La volonté du gouvernement Trudeau de collaborer étroitement avec la prochaine administration Trump révèle de manière dévastatrice ce que vaut réellement sa posture «progressiste». Dans un certain contraste avec le ton plus agressif qu'ont adopté certains politiciens européens après la victoire de Trump, les libéraux canadiens font tout ce qu'ils peuvent pour céder aux caprices de Trump.

Ayant fait le renforcement de l'alliance Canada-États-Unis un élément central de leur gouvernement, les libéraux sont déterminés à ne pas laisser le démagogue ultra-réactionnaire Trump nuire à leurs plans. Ils mettent ainsi en œuvre le programme de la bourgeoisie canadienne dans son ensemble, qui juge que l'impérialisme canadien ne peut faire avancer ses intérêts mondiaux prédateurs qu'à travers un proche partenariat avec l'impérialisme américain, la force la plus violente et déstabilisatrice sur la planète.

Même si la très grande majorité de la bourgeoisie canadienne préférait Clinton, une petite, mais importante minorité a accueilli la victoire de Trump, parce qu'il défend un programme de vastes baisses d'impôt pour les sociétés et les riches, de privatisations et de déréglementations. Kevin Libin du Financial Post a d'ailleurs publié un commentaire intitulé: «Réjouis-toi, Canada, le président Donald Trump pourrait bien être bon pour toi.» («Cheer up, Canada, President Donald Trump just might be good for you»)

La victoire de Trump a été accueillie par une grande section du Parti conservateur, qui est actuellement en pleine course à la direction pour trouver un remplaçant à l'ex-premier ministre Stephen Harper. Kellie Leitch, une droitiste qui s'est fait connaître dans le gouvernement précédent pour ses positions contre les immigrants, incluant la demande que soit créée une ligne téléphonique de dénonciation des «pratiques barbares», se présente comme la Trump canadienne. Leitch préconise la sélection des nouveaux immigrants selon leur respect des «valeurs canadiennes».

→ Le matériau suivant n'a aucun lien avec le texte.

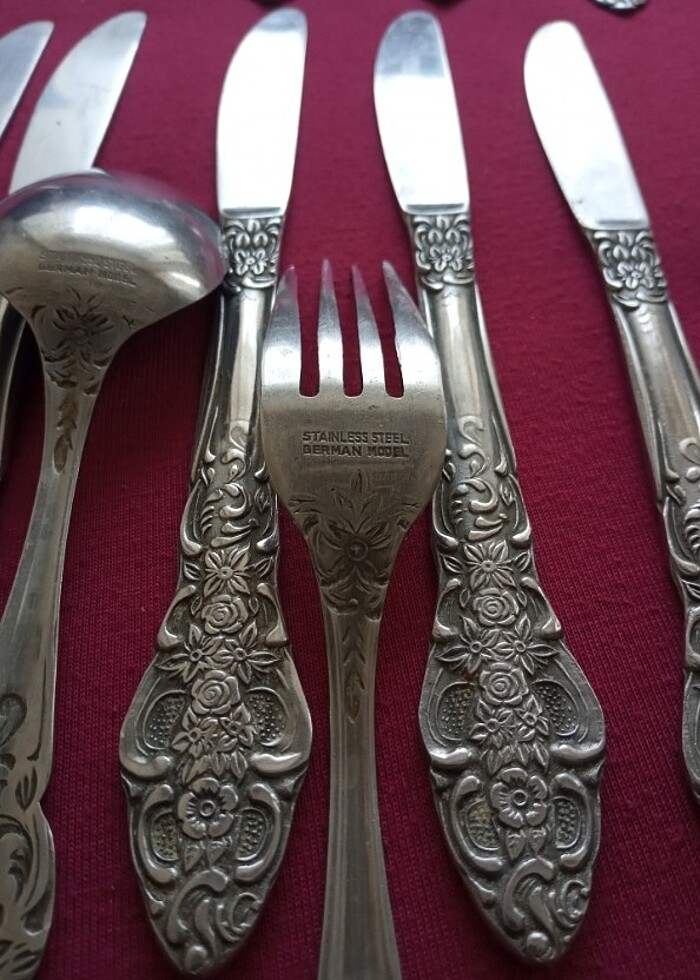 Vintage German çatal kaşık bıçak - Görsel 3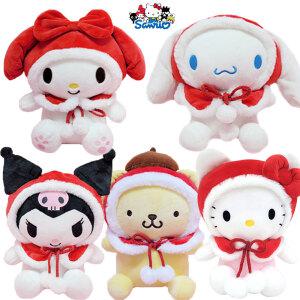 산리오 겨울망토 마이멜로디 쿠로미 시나모롤 폼폼푸린 동물 인형 25cm 크리스마스선물
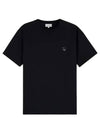 Bold Fox Head Patch Comfort Short Sleeve T-Shirt Black - MAISON KITSUNE - BALAAN 3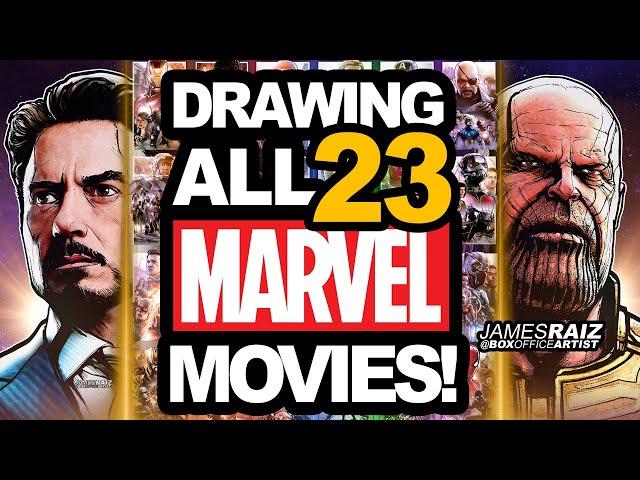 300+ HOURS of WORK! Drawing ALL 23 MARVEL INFINITY SAGA MOVIES!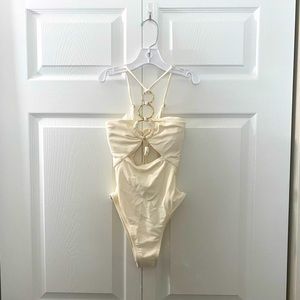 RIVER ISLAND Bandeau One Piece Swimsuit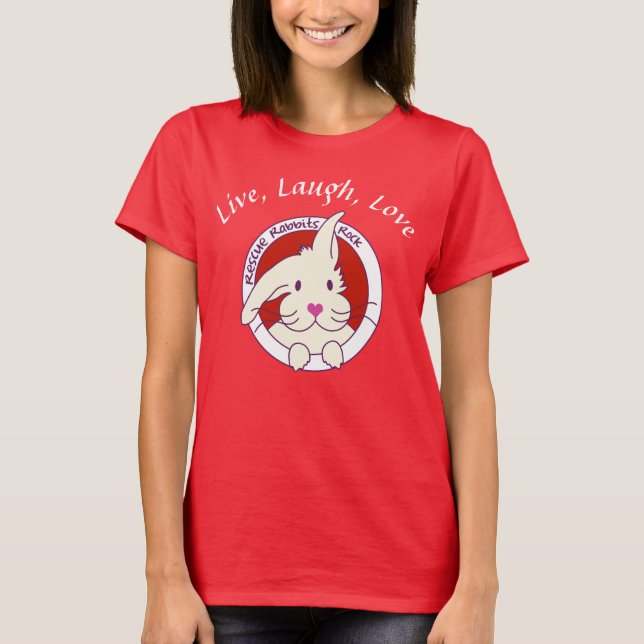 Camiseta Evento de recaudación de fondos de Live Laugh Love (Anverso)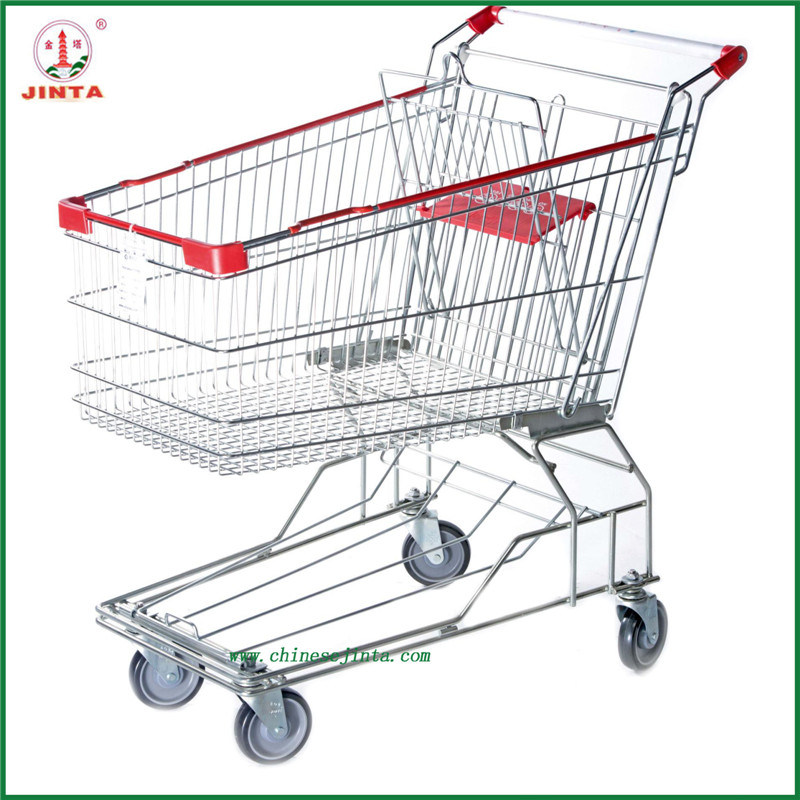 China Cheapest Wholesale Shopping Hand Carts 180L (JT-EC06)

La chef conservatrice par intérim Rona Ambrose, qui a tenté d'adopter un ton plus modéré, a aussi accueilli la victoire des républicains, affirmant que cela ouvrait la voie à la reprise du projet d'oléoduc Keystone XL. Ambrose a exhorté Trudeau, qui appuie aussi le projet, à en faire une priorité, étant donné qu'il a maintenant l'appui du prochain président et du Congrès républicain.